Designing Adaptive Reservoir Operations Using Multi-Objective Reinforcement Learning
PI: Antonia Hadjimichael (EMS, Geosciences & EESI)
Level of effort appropriate for the proposed project: Two semesters of pre-comps RA support
Plan for funding the remainder of the researcher’s salary: Startup funds can cover tuition
A list of specific areas of computational and/or data science expertise: reinforcement learning, evolutionary optimization, time series analysis
Any other requirements or expectations of potential ICDS Junior Researchers: attend weekly group meetings
A list of specific objectives for work supported by this call: develop reservoir operations model with additional optimization constraint; publish reproducible repository of model and analysis
At least one medium to long-term goal: medium term goal to submit a scientific publication on the findings; long term goal to use results to acquire sustained funding for the effort from NSF (Collaborations in Artificial Intelligence and Geosciences program or other)
Connection of the project to ICDS’s mission: This multi-disciplinary approach combines multi-objective evolutionary optimization and reinforcement learning techniques with a hydrologic and reservoir operations model. The project supports ICDS’s mission by applying cutting-edge reinforcement learning approaches to address critical environmental management challenges. The research demonstrates the value of integrating advanced methods to train dynamically adaptive and state-aware control strategies, applicable to a variety of applications outside reservoir operations. The computationally intensive nature of reinforcement learning with multi-objective evolutionary algorithms makes this project particularly well-suited for ICDS resources.
Team member’s recent and/or planned engagement with ICDS: PI Hadjimichael is a member of ICDS’s Cyberinfrastructure Faculty Advisory Committee (CiFAC). The project will also utilize ROAR Collab computational time in the PIs allocation.
A brief description of the proposed project.
Reservoirs are critical infrastructure for water resource management, requiring operators to balance competing objectives such as hydropower generation, water supply, and maintaining environmental flows. The Conowingo Reservoir on the Susquehanna River is a prime example of these challenges, where operators must provide water for municipal supplies and a nuclear power plant while maintaining downstream flows and maximizing hydropower revenue. Current operating policies fail to adequately account for the system’s internal variability and emerging threats from climate change. Particularly concerning is freshwater salinization—when riverine flows are low, brackish water from Chesapeake Bay can intrude inland, compromising water quality at the Havre de Grace intake. This project will develop dynamically adaptive and state-aware reservoir operation policies for the Conowingo Dam that explicitly address saltwater intrusion while balancing other management objectives under deeply uncertain future climate conditions. By applying advanced computational approaches, we aim to identify flexible control policies that map system states (reservoir levels, forecasted inflows) to optimal release decisions. These policies will be designed to dilute salt concentrations during low-flow conditions while meeting other operational objectives, and will be tested across a range of plausible future hydroclimatic scenarios to ensure robustness to climate change.

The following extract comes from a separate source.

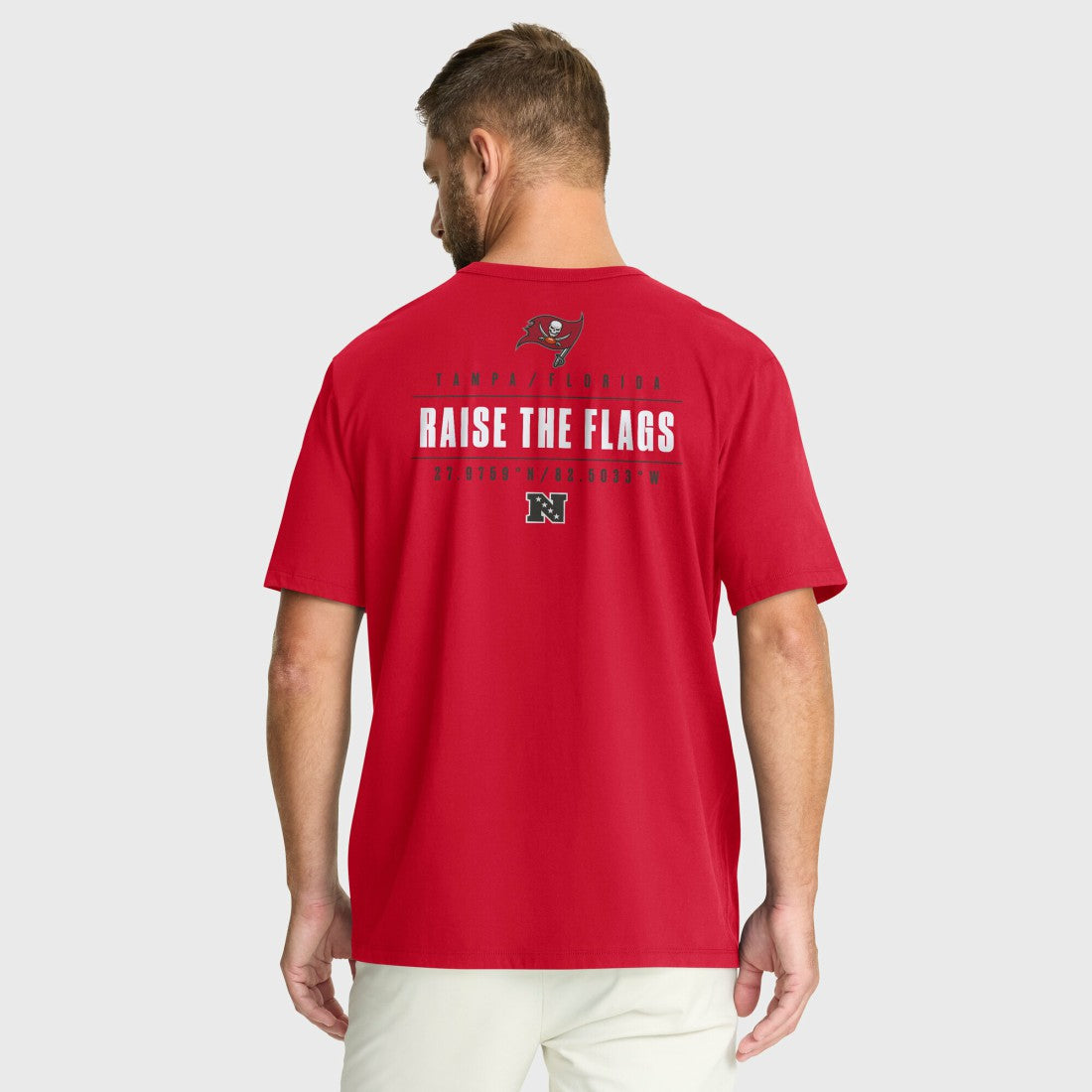 Tampa Bay Buccaneers Passing Pocket Legacy T-Shirt - Red - Fanatics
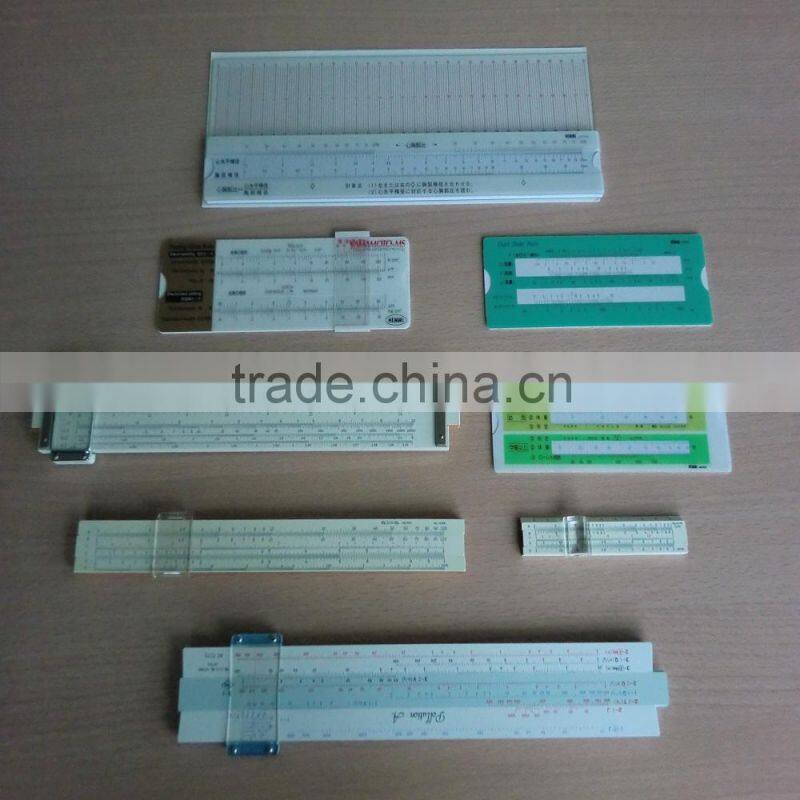 Reliable Japan-made slide rules used as electroplating instrument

The project has multi-objective reinforcement learning at its core. We will first establish new probabilistic flow requirements by analyzing salinity data at the Havre de Grace water intake and accounting for tidal, seasonal, and annual variability. We will then train multiobjective, state-aware, and dynamically adaptive reservoir release policies through Evolutionary Multi-objective Direct Policy Search, a reinforcement learning method. Unlike traditional approaches, our method trains policies represented by nonlinear approximating networks (e.g., artificial neural networks or radial basis functions) that continuously map system states (reservoir levels, forecasted inflows, current salinity conditions) to optimal release decisions. This approach enables policies to learn from experience across thousands of simulations, developing the ability to dynamically respond to changing conditions and even generalize to previously unseen states. The methods employed are computationally intensive as they rigorously explore objective spaces across multiple stochastic hydrological simulations. Therefore, we will leverage the ROAR Collab cluster to enable efficient policy identification and testing.
This proposal requests funding for two semesters of RA support for a pre-comps graduate student. The graduate student will collaborate with the PI to implement the reinforcement learning framework with salinity constraints, conduct ensemble simulations, and analyze multi-objective tradeoffs. The student will also lead the development of a reproducible and transferable code repository, as well as the submission of scientific article. The student will also engage with ICDS through regular participation in seminars and presentation at the Fall ICDS Symposium.